It has been some time since I have thought about proofs. I was hoping someone could help me check my logic. Here is a question I am trying to solve:
Consider a simple two-layer, single-hidden-node network with identify activation, $f(x) = w_2 w_1 x$. For a training set $\{(x_i, y_i)\}_{i=1, \ldots, N}$. Let's take the mean squared loss and setup
$$L(w_1, w_2) = \dfrac{1}{N}\sum_{i=1}^N (y_i - f(x_i))^2$$
Prove $L$ is non-convex through contradiction. I am given for any $(w_1, w_2)$, $L(w_1, w_2) = L(-w_1, -w_2)$. Also, if a particular pair $(w_1^*, w_2^*)$ is a global minimizer of $L$, what can we say about $(0, 0)$.
Attempt @ Solution
Suppose $L$ is a convex function and let $\textbf{w}^* = (w_1^*, w_2^*)$ be a global minimizer of the function. Then by definition for all $0 \leq t \leq 1$ and for all $w_1, w_2$ we have
$$L(tw_1 + (1-t)w_2) < tL(w_1) + (1 - t)L(w_2)$$
This condition requires that the straight line between any pair of points on the curve of $L$ be above or just meets the graph at the global minimum. Also, $L(\textbf{w}^*) < L(\textbf{w})$ for all $\textbf{w}$ because it is a global minimizer.

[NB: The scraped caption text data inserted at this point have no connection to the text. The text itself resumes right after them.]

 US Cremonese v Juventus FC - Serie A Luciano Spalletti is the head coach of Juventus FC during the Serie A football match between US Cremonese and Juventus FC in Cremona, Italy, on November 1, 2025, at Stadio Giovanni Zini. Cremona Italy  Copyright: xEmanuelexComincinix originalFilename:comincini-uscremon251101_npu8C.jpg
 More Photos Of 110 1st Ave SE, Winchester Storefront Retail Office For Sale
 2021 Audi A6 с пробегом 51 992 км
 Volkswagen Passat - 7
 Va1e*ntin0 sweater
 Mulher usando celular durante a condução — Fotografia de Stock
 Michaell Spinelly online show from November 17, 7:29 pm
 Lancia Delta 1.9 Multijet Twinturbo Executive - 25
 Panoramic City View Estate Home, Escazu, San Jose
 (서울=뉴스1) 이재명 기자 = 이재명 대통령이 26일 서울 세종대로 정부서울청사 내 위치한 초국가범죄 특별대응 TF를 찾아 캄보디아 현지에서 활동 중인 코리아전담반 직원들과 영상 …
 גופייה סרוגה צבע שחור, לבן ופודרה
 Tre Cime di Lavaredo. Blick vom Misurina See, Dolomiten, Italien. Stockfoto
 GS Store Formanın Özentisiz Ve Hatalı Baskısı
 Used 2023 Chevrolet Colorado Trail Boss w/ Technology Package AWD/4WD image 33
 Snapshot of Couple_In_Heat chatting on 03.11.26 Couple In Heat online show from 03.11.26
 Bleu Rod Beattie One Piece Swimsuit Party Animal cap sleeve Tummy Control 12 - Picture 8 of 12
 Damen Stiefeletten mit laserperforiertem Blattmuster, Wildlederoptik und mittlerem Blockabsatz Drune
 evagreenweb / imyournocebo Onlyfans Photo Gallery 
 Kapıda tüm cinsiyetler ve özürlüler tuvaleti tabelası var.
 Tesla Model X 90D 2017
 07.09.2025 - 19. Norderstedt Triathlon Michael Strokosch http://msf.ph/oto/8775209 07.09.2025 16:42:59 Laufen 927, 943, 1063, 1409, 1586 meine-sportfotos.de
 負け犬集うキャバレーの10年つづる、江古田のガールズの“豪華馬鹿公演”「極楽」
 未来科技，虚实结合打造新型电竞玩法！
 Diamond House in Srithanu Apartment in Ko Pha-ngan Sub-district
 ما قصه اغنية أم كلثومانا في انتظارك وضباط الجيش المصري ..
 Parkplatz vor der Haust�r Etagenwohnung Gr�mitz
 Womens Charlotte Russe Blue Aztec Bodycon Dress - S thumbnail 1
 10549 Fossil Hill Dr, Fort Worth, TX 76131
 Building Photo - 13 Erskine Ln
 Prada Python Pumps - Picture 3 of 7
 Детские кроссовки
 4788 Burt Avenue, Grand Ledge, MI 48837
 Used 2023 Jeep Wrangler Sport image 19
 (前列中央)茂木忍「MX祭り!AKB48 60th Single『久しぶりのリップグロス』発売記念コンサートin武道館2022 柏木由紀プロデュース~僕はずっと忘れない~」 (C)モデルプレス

$$ L(0, 0) = L(w_1^*, w_2^*) - L(-w_1^*, -w_2^*), $$ which implies that the point $(0, 0)$ lies on the segment connecting these two points which is a contradiction to $L$ being convex. Also, $L$ being convex would mean $(w_1^*, w_2^*) = (0, 0)$ which would be a zero weight neural network and would never learn anything.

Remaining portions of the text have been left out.